Tuesday, March 31, 2009

INSTANTLY OBEY SYNDROME

When Fran, who designed my Website, says DO something, I do it ... maybe mull a bit, argue a bit in my mind or in an email, but I do it.

If my guys, JC or JD give me a criticism, I may squirm, argue, protest, but I pay attention, and even if not immediately, I obey.

Recently Dorothy, our maid who's more like a sister since she's been a part of my life, making my surrounds orderly for years, said -- you need to fix the books. It's a huge pile paperbacks. I've read every book Robert Parker wrote, almost all of Elmore Leonard's books, all of Nelson DeMille's. They're favorite silent friends who keep my night time mind occupied, teach me about plot but give me no orders I'm compelled to obey.

Anyhow, Dorothy's suggestion made me reorganize the baker's rack in our green living room (bright green enamel floor with white wicker furniture so it looks like we're living in the country.) Ever since she gave me the gentle "order" I've been re-doing all the bookshelves, especially every time I order more paperbacks from half.com

Yep, I obey -- employees, independent contractors, lawyers, accountants, salespersons, policemen, doctors, nurses, messengers, doorman, cabbies, chauffeurs, even helpful strangers.

Today, oops, out of the blue, my Internet connection stopped working. All 3 computers wouldn't load. I had a fun few hours 100% obeying, double-checking each step, making sure I did executed each instruction right. It was exciting, fraught with a touch of fear that it wouldn't fix. Hurray. It did.

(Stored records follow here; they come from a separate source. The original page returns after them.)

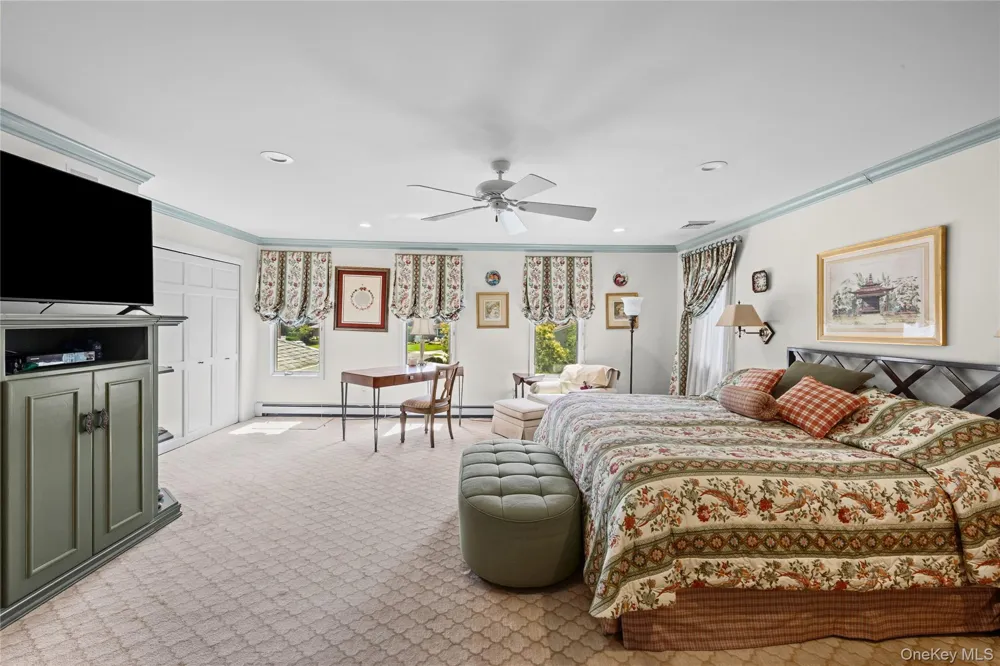 16 Winthrop Road Plainview, NY 11803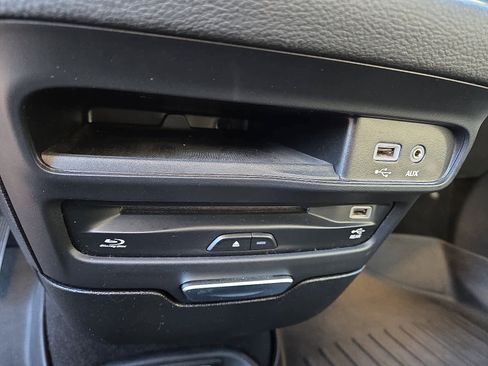 Used 2019 Chrysler Pacifica Limited w/ Advanced Safetytec Group image 25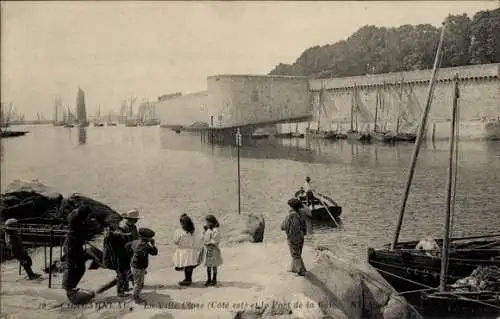 Ak Concarneau Finistère, La ville Close, Port de la Gale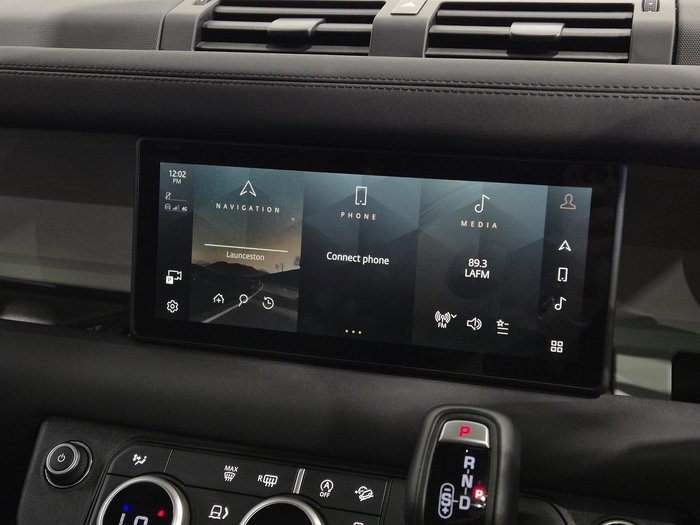 2024 Land Rover Defender 110 P400 X-Dynamic SE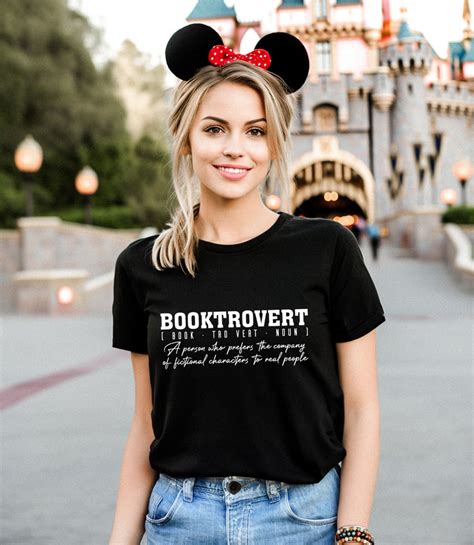 Booktrovert Sweatshirt Bookish Girl Shirt Book Lover Hoodie For Women Cozy Season Sweater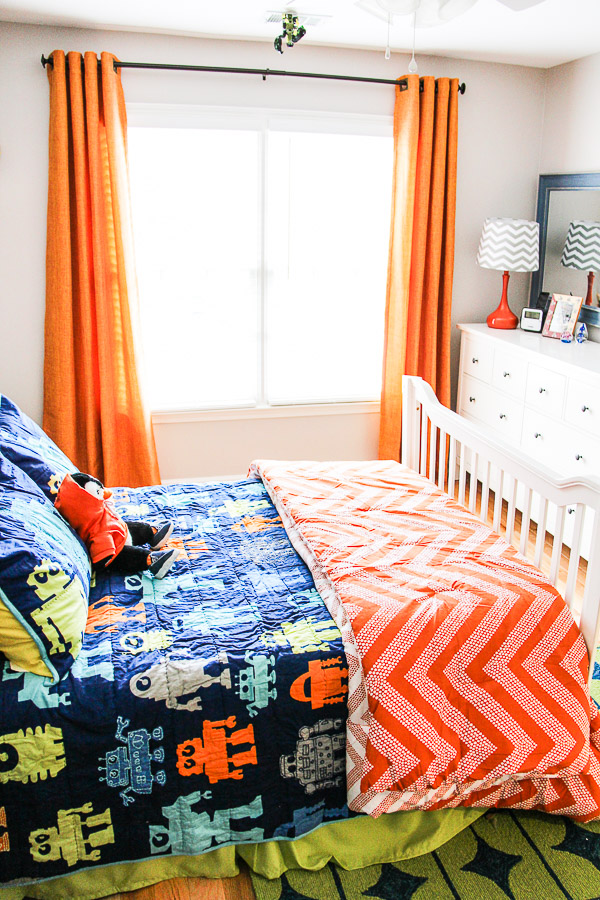 boys robot bedroom 14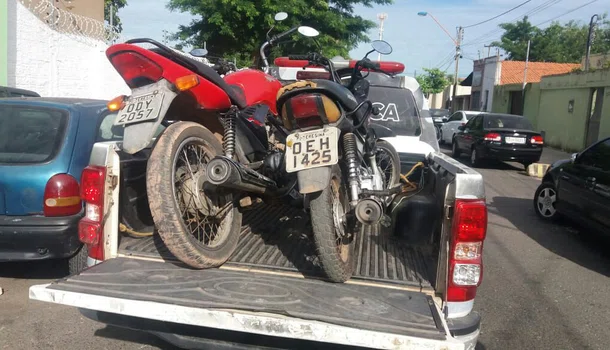 Motos apreendidas pela polícia durante a abordagem.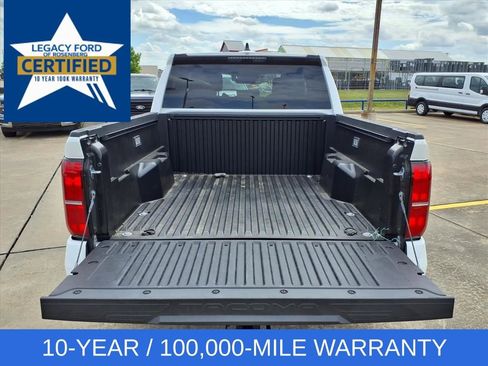 Used 2025 Toyota Tacoma SR5 RWD image 29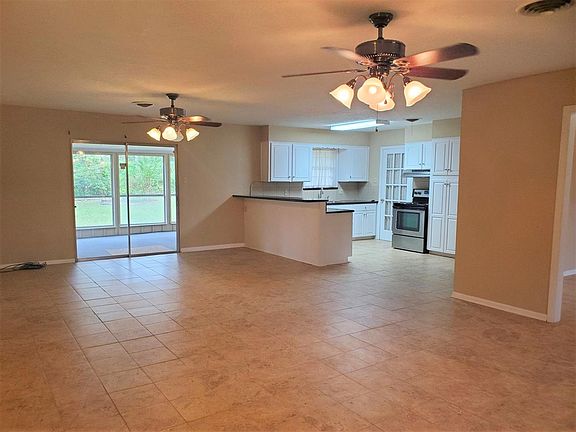 3rd image of 714 Holmwood Dr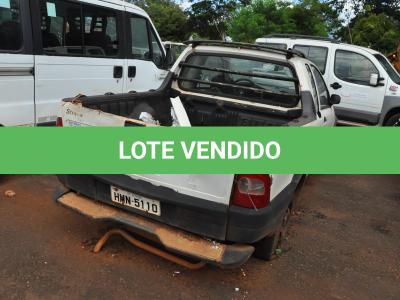 LOTE 038 - FIAT PICK-UP Strada Fire  - 2006 2007 - Branca - HMN-5110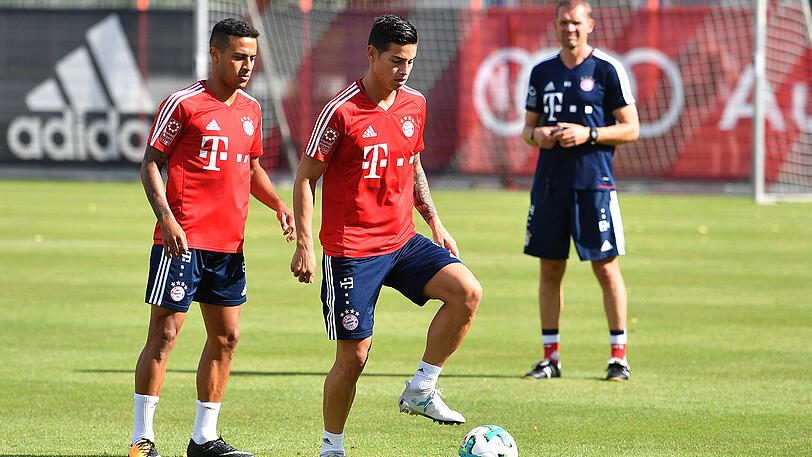 Thiago und James Rodriguez fehlen dem FC Bayern beim Supercup in Dortmund.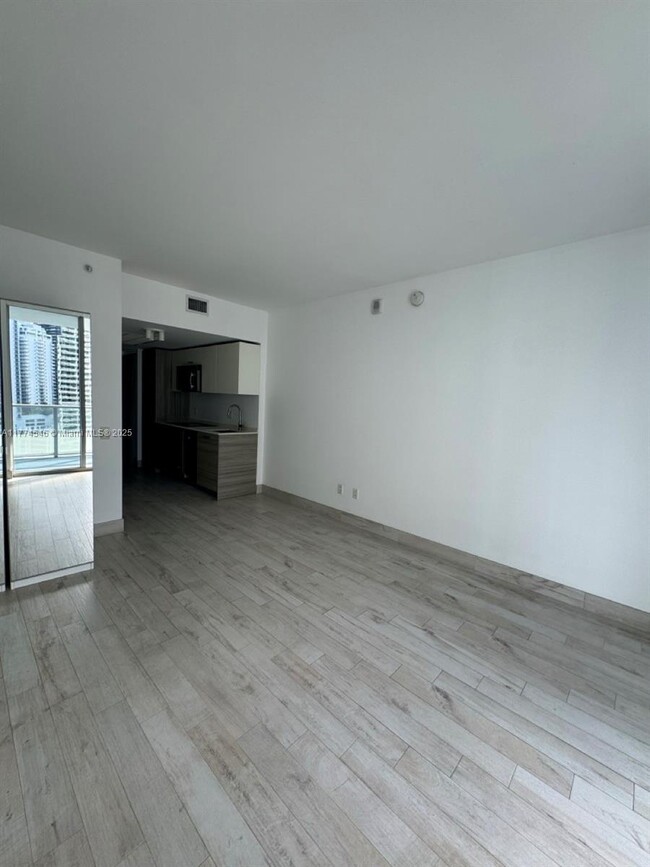 Building Photo - 1300 Brickell Ave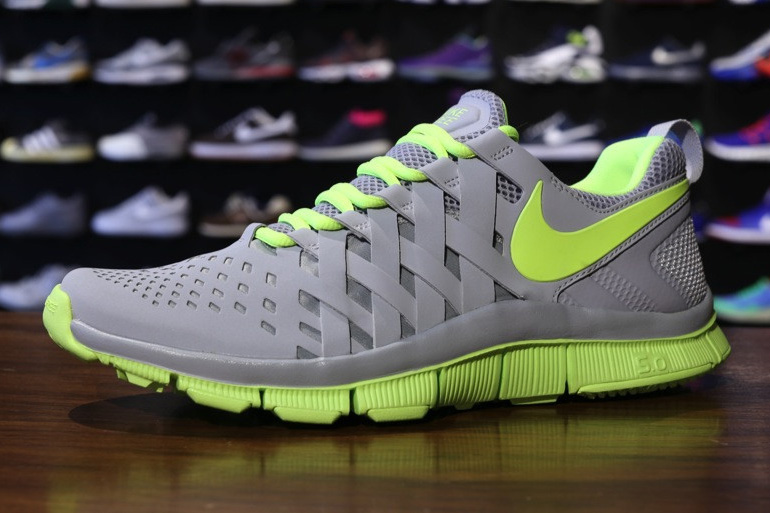 Nike Free Trainer 5 Wolf Grey Volt 1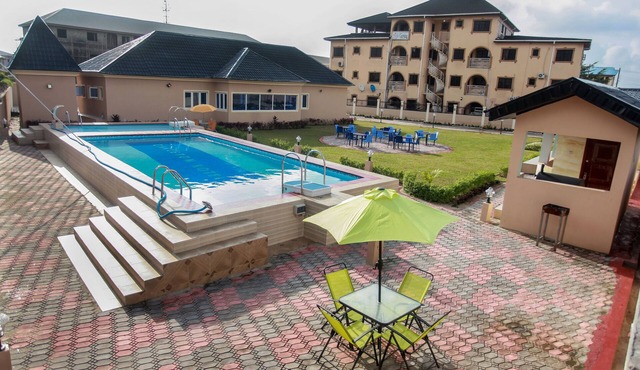 Carleton Hotel & Suites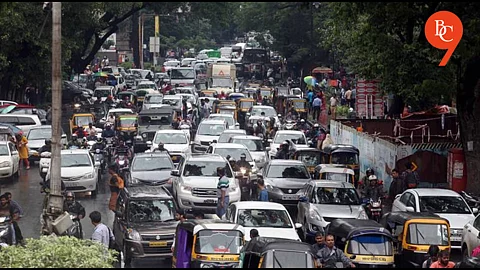 Heavy Traffic Jam in Pune’s Central Area as Crowds Shop for School and Visit Temple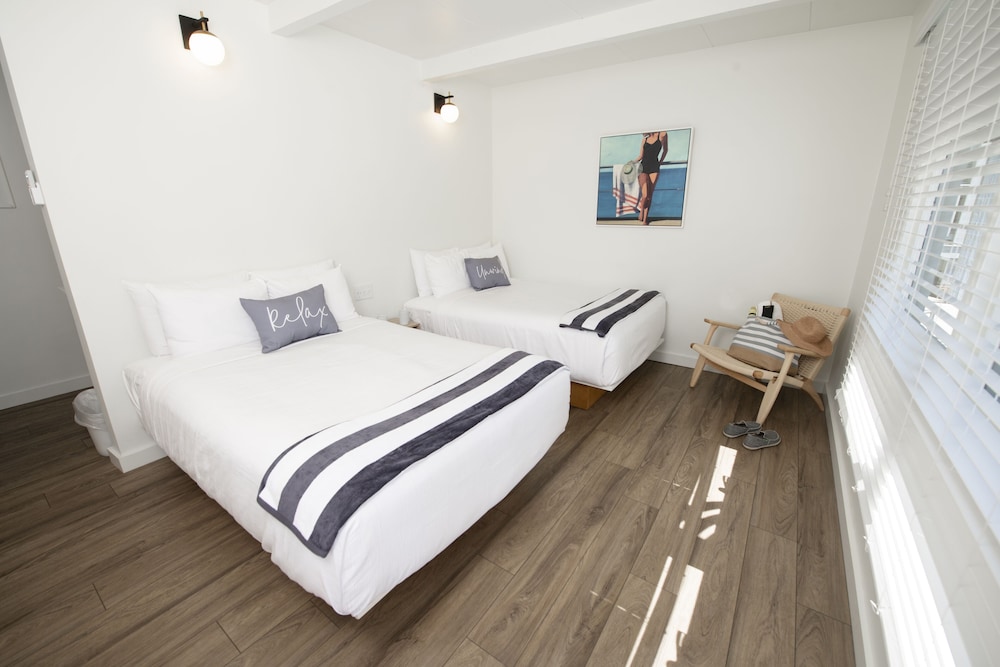 Signature Room, 2 Double Beds, Pet Friendly photo 3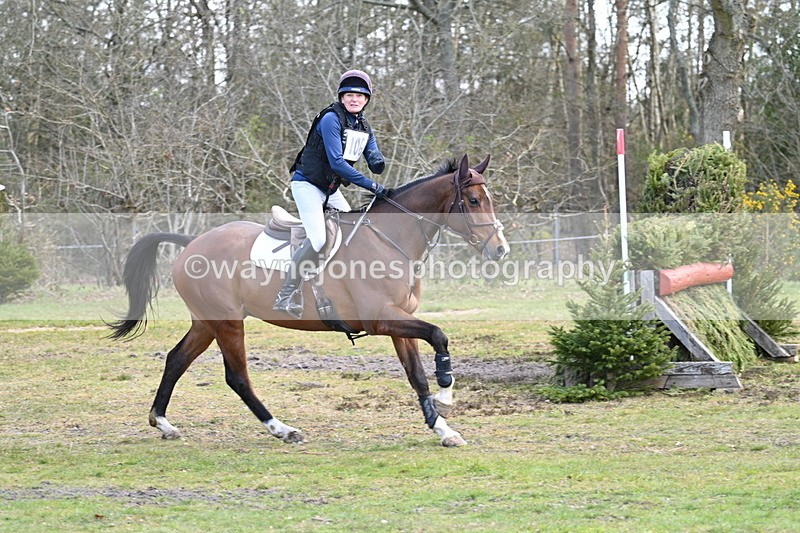 WJ7_0084 - Time 10:13 to 10:38 Times at the Fence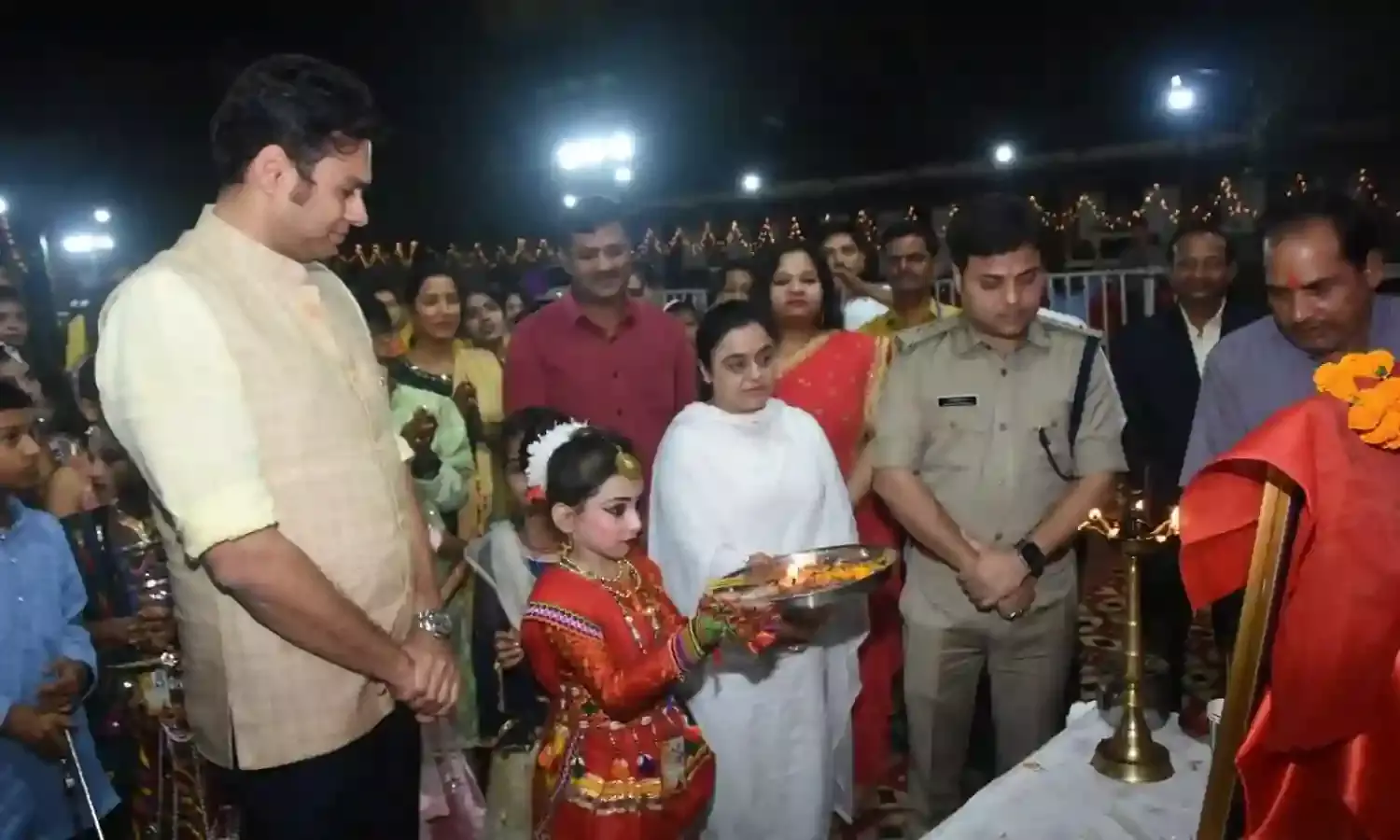 इन्द्रधनुषी उल्लास, आस्था के रंगों से सजा गरबा का महारास, दैनिक भास्कर गरबा महोत्सव-2023 के दूसरे दिन अलग-अलग धुनों पर थिरके प्रतिभागी
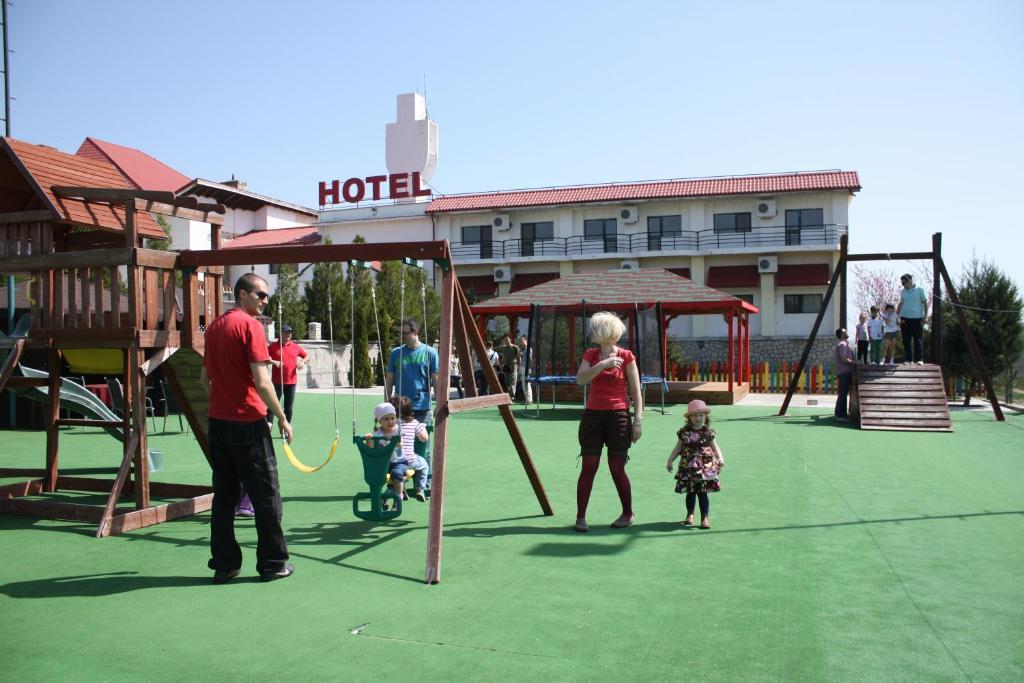 Hotel Magura Verde Bacău Екстериор снимка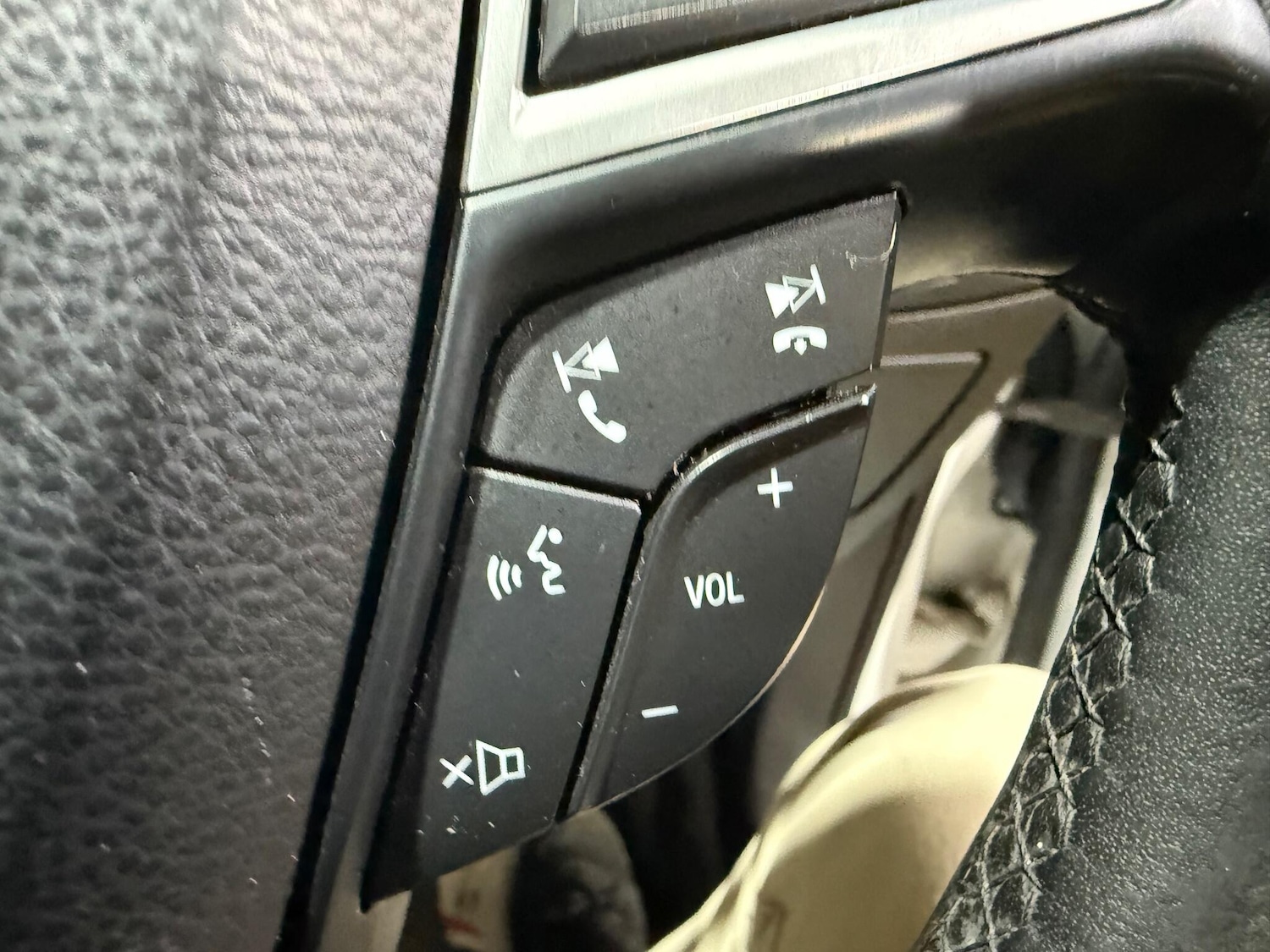 Used Ford S-Max 2017 for sale - 77468590: Photo 32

I obey tech people, assiduously. Assiduously avoid some of my older friends. Also change the subject before my real sister (JB) or relatives butt in. More often than not, their "take a vacation, rest, relax," advice is w r o n g for Calvinistic me, but I allow myself to nod with a pleasant smile and murmur "mm hmm" even when I'm thinking "no way!"

Early on, I didn't really obey my parents, two sisters and brother, I mostly wanted to test the DON'T DO's and secretly rebelled, even when I seemed to be following orders. I was a good little actress.

Taking my first dance classes started me into respecting the Rules. You had to do lst, 2nd, 3rd 4th, 5th positions perfectly. Eventually I did, but never could I master a tap step (a shuffle, step-hop, ball change that a beginner can do) and complicated ballet beats, brisé dessus for instance, defeated me for years. Okay -- I learned that memorizing, repeating a sequence over and over, squinting, blurring small details helps you get a sense of the basic left - right, forward - back, up - down, turn - jump - run steps. Confession: I don't watch, can't watch the dance teams, or dance crews on TV -- I get tied in knots mentally doing their steppy, tricky fancy, wildly acrobatic convolutions.

My near death experience did it. Taught me OBEY.

When I was recovering from partial paraplegia, (car accident--see "Encore," bio about me, or check out Book II, Miranda in "Somebody.") I had to relearn sitting up, turning over, moving my toes, standing, peeing etcetera -- re-train my body to do what it knew instinctively, including dancing.

I had to obey, hear every word, follow each small/medium/ large command. You put your mind on it -- a place on your body, a muscle, a ligament, a bone, a joint. And like a funnel, pour all of your thoughts into the funnel's cone, fill it up till the thoughts slide down, (thank you gravity) and land inside you -- find the spot, tip-touching, tweaking, till you're feeling something. A warmth. A tingle. A twitch. Then, that barely perceptible move transforms into ... movement.

So stay back, friends, relatives, and Fran, Sue, Bethy, Dorothy, JD, JC, Docs, Shareen (amazing daughter-in-law), even Phil the Super who can fix anything. Better not tell me what you think I should do. I obey, slowly, sometimes licketty split.